What to do when discontinuing an educational program

After the committee makes the decision to sunset an educational program, it’s time to implement your “product exit plan.” This plan outlines the steps your association must take to discontinue the program. A critical component of the plan is communication.

Identify risks. While considering the impact of sunsetting the program, you should also identify any risks. Your next step is to develop a contingency plan to mitigate and prepare for those risks.

Develop an internal communication plan. Usually, “internal” communication means communication with staff, but, in this case, “internal” also covers:

  • Volunteer leaders, especially those involved with developing and championing the program
  • Program instructors
  • Program partners

Make sure any member/customer service, sales, and marketing staff also understand why and when the program is being shut down.

Develop an external communication plan for customers and the public.
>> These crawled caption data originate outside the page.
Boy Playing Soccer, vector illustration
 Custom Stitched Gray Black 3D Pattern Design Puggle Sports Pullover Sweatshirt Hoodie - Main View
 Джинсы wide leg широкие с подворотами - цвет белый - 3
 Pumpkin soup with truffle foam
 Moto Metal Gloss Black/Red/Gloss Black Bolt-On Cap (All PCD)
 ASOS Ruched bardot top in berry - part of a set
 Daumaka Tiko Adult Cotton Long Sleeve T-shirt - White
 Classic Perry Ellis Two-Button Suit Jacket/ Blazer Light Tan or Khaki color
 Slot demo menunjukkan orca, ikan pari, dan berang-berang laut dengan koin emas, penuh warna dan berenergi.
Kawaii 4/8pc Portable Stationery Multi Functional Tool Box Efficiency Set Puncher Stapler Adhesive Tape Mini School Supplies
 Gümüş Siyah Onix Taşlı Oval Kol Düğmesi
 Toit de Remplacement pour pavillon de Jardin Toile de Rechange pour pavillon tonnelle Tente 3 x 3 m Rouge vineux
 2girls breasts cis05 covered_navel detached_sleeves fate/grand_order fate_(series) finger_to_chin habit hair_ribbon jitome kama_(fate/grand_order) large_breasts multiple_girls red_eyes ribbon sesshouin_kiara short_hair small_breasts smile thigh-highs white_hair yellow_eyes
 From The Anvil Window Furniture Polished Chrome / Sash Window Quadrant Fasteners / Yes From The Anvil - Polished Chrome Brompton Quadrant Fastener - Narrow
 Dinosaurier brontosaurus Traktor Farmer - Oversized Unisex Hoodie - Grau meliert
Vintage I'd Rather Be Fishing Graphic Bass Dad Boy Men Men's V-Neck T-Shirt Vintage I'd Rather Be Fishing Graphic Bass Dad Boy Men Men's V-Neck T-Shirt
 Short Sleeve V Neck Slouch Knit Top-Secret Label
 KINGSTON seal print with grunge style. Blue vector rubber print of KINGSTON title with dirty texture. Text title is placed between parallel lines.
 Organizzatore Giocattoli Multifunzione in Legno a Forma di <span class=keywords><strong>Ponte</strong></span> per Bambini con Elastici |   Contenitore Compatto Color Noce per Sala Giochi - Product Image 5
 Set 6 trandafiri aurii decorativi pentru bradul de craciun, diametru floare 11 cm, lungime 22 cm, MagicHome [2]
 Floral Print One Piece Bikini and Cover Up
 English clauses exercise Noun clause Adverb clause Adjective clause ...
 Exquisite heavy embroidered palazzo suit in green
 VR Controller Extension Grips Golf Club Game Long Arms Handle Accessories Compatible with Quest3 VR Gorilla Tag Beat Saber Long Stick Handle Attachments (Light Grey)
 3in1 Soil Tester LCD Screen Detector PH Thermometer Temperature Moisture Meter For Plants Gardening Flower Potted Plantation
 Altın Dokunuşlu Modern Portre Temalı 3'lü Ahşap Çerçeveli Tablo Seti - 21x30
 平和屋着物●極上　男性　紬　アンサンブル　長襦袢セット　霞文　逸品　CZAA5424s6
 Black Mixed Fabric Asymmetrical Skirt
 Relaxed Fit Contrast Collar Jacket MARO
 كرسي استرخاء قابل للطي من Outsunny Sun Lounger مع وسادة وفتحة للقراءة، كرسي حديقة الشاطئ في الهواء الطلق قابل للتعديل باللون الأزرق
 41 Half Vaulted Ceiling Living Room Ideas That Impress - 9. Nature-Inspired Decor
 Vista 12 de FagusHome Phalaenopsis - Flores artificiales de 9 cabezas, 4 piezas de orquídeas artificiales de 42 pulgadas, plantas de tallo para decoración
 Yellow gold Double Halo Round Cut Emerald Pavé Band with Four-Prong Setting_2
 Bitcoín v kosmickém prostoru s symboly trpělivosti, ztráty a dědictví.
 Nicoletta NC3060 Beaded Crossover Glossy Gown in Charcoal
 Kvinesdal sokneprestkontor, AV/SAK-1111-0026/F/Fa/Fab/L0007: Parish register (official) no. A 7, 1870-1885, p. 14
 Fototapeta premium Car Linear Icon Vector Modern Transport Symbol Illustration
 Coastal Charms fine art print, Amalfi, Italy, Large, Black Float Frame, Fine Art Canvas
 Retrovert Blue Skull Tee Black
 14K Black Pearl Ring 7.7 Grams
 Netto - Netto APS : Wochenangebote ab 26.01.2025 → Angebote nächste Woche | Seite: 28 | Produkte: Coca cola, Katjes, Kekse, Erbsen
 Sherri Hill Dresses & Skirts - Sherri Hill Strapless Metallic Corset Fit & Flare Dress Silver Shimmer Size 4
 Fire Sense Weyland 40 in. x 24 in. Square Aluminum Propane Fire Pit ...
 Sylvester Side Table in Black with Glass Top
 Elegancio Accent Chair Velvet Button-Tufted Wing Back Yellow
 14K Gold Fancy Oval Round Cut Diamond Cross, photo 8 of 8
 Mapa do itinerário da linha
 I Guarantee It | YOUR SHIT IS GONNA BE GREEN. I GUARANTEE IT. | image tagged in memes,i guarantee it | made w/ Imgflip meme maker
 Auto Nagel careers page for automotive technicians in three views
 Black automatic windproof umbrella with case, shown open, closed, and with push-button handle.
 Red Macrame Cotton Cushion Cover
Customers are your main concern, especially if you are sunsetting a certification or accreditation program. Put yourself in their shoes so you can understand how this decision will affect them. Be ready to offer alternatives—our next topic.

Other audiences may also take an interest in your decision. When the Board of Certification/Accreditation discontinued three professional certifications, they prepared for the press as well. Their president and CEO, Claudia Zacharias, CAE, told Associations Now, “What might be an appropriate message for your staff might not be the right message for public audiences, like the media. We developed a comprehensive playbook, so that when we announced the news, people already understood the outcomes.”

Have alternatives ready for customers. If you determined there is a market need for some components of the program you’re retiring, offer them elsewhere either as a stand-alone product or packaged with another product.

Are there other programs you offer that customers might be willing to purchase instead of the sunset product? Or, could you find another organization willing to offer the product and maybe even offer to purchase the rights from you?

Document the sunset process. Volunteer leaders and staff come and go. Years from now, you don’t want your successor to invest time in an idea that doesn’t fly, unless the market demand says otherwise. For every product you sunset, leave behind documentation:

  • Brief description of the product and its history.
  • Reasons for sunsetting the product, including data and market research findings.
  • Impacts—financial and otherwise—of discontinuing the product.

Don’t worry about decaffeinating your committee members. Let the coffee and their innovative ideas flow. Make sure to validate the best ones. If market demand changes, you now have a process in place to sunset underperforming programs and invest in ideas that will deliver more value to members.